BreathRNNet: Breathing Based Authentication on Resource-Constrained IoT Devices using RNNs
This addresses authentication for IoT users, but it is incremental as it applies existing RNN methods to a new domain (breathing acoustics) and devices.
The paper tackled the problem of implementing RNN-based authentication using breathing acoustics on resource-constrained IoT devices, showing that RNN models can be ported onto devices like smartphones, smartwatches, and Raspberry Pi without significant accuracy loss.

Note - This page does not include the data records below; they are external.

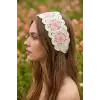 Bohem Pembe Çiçekli Yarım Tarz Bandana Saç Bandı - Yazlık Delikli El Örgüsü File Örme Saç Bandanası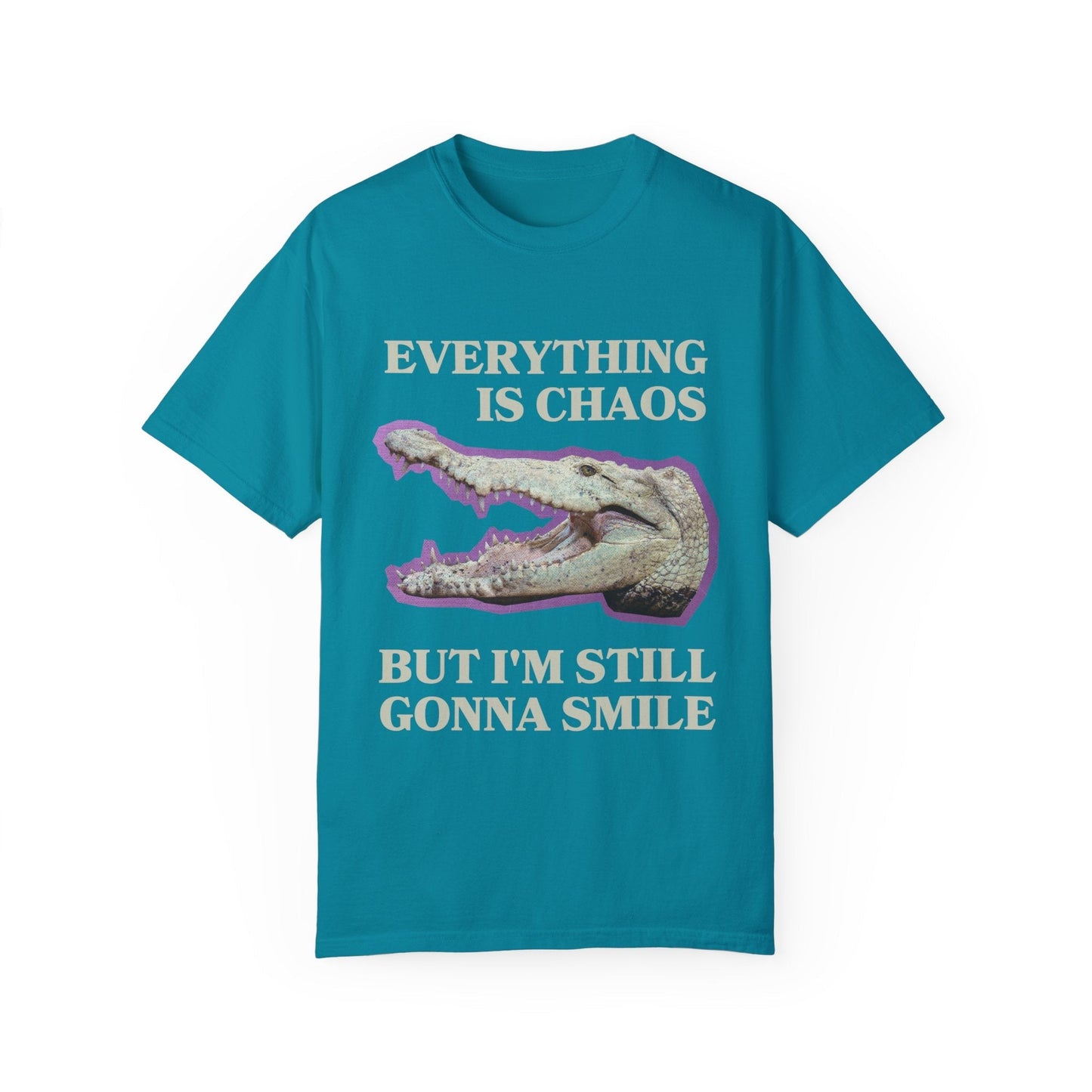 Funny Crocodile Tee Shirt: Everything is Chaos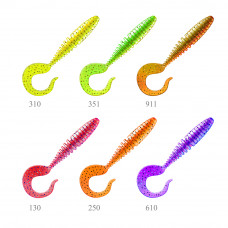 Приманка Zub Twist 30мм-15шт (цвет 351) шартрез с блестками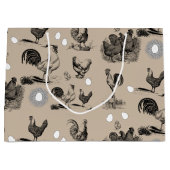 ヴィンテージ鶏の卵のパターン ラージペーパーバッグ (正面)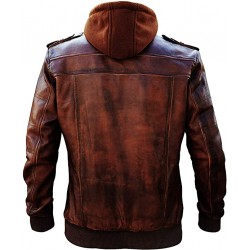 Cafe Racer Jacket Men Motorcycle Vintage Waxed Brown Removable Hoodie Biker Leather Jacket Cafe Racer Jacket Men Motorcycle Vintage Waxed Brown Removable Hoodie Biker Leather Jacket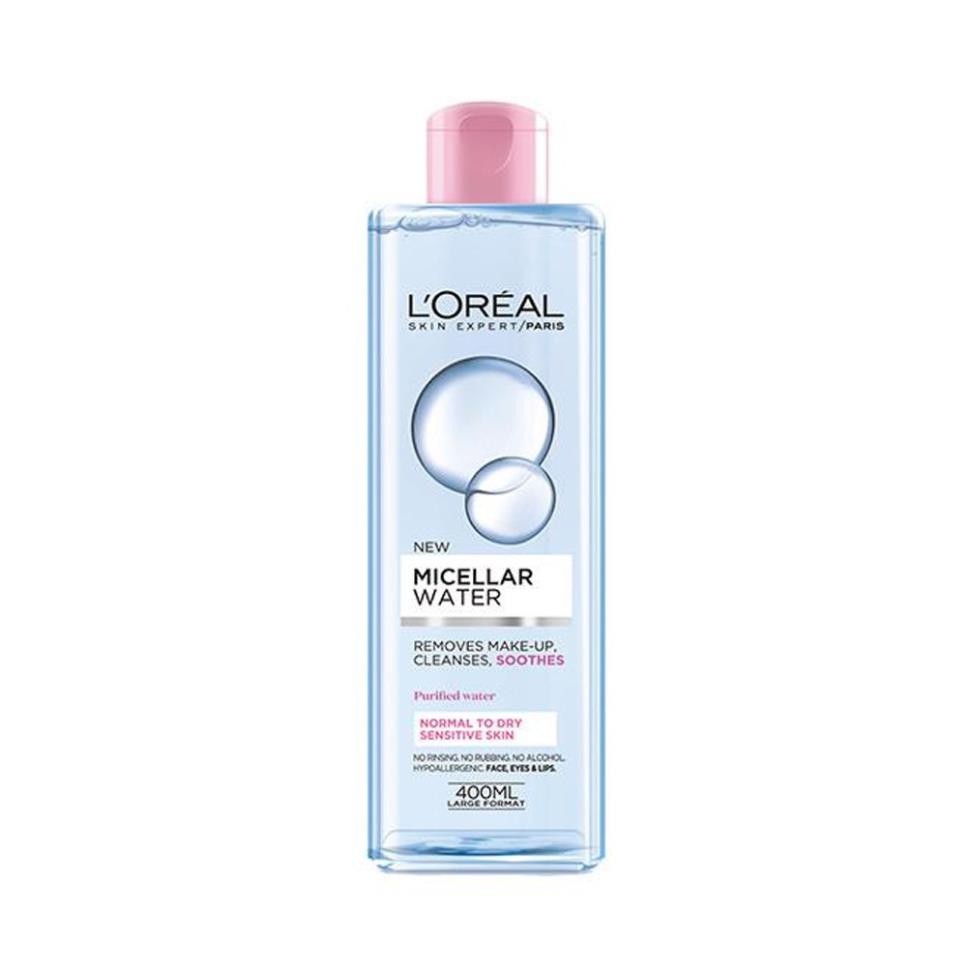 Nước tẩy trang Loreal paris 3 in 1 micellar water 400ml Moisturizing màu hồng cho da khô | BigBuy360 - bigbuy360.vn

Recurrent neural networks (RNNs) have shown promising results in audio and speech processing applications due to their strong capabilities in modelling sequential data. In many applications, RNNs tend to outperform conventional models based on GMM/UBMs and i-vectors. Increasing popularity of IoT devices makes a strong case for implementing RNN based inferences for applications such as acoustics based authentication, voice commands, and edge analytics for smart homes. Nonetheless, the feasibility and performance of RNN based inferences on resources-constrained IoT devices remain largely unexplored. In this paper, we investigate the feasibility of using RNNs for an end-to-end authentication system based on breathing acoustics. We evaluate the performance of RNN models on three types of devices; smartphone, smartwatch, and Raspberry Pi and show that unlike CNN models, RNN models can be easily ported onto resource-constrained devices without a significant loss in accuracy.